Of the lines below, write out exactly those from the line with "2011 Bmw 750 Li White vin: WBAKX8C59BC198179" through the line with "Rihanna 'cướp' thảm đỏ Met Gala - ảnh 17", both included, and skip the rest.
==== RECORDS FOR THIS EXERCISE
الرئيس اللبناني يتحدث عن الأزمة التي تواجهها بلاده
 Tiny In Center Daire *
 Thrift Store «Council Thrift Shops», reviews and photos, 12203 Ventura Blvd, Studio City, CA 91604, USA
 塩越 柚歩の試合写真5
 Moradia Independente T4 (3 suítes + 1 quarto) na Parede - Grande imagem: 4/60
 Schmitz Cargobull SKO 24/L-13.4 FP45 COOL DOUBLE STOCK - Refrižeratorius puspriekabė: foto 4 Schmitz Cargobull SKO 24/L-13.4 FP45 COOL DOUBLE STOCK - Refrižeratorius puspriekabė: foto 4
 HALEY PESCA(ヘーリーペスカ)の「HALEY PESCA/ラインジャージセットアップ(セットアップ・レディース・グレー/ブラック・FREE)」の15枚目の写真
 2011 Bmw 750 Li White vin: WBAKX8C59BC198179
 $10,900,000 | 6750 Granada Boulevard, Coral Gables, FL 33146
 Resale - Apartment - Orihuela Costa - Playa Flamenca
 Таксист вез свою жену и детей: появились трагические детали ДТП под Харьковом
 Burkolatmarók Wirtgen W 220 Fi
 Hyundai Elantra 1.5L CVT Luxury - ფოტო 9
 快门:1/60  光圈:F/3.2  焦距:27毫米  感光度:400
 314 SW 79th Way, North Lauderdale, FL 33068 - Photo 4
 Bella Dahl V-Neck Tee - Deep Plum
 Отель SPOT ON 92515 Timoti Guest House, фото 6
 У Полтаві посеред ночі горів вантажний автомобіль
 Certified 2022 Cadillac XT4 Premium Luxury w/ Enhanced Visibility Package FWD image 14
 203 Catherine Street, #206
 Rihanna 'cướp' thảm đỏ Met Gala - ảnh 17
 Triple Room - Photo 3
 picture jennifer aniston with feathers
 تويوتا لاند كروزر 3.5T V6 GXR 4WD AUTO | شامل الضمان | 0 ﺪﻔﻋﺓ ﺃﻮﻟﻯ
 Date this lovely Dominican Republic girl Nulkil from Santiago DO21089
========
### [OUTPUT FOR THIS EXERCISE]
 2011 Bmw 750 Li White vin: WBAKX8C59BC198179
 $10,900,000 | 6750 Granada Boulevard, Coral Gables, FL 33146
 Resale - Apartment - Orihuela Costa - Playa Flamenca
 Таксист вез свою жену и детей: появились трагические детали ДТП под Харьковом
 Burkolatmarók Wirtgen W 220 Fi
 Hyundai Elantra 1.5L CVT Luxury - ფოტო 9
 快门:1/60  光圈:F/3.2  焦距:27毫米  感光度:400
 314 SW 79th Way, North Lauderdale, FL 33068 - Photo 4
 Bella Dahl V-Neck Tee - Deep Plum
 Отель SPOT ON 92515 Timoti Guest House, фото 6
 У Полтаві посеред ночі горів вантажний автомобіль
 Certified 2022 Cadillac XT4 Premium Luxury w/ Enhanced Visibility Package FWD image 14
 203 Catherine Street, #206
 Rihanna 'cướp' thảm đỏ Met Gala - ảnh 17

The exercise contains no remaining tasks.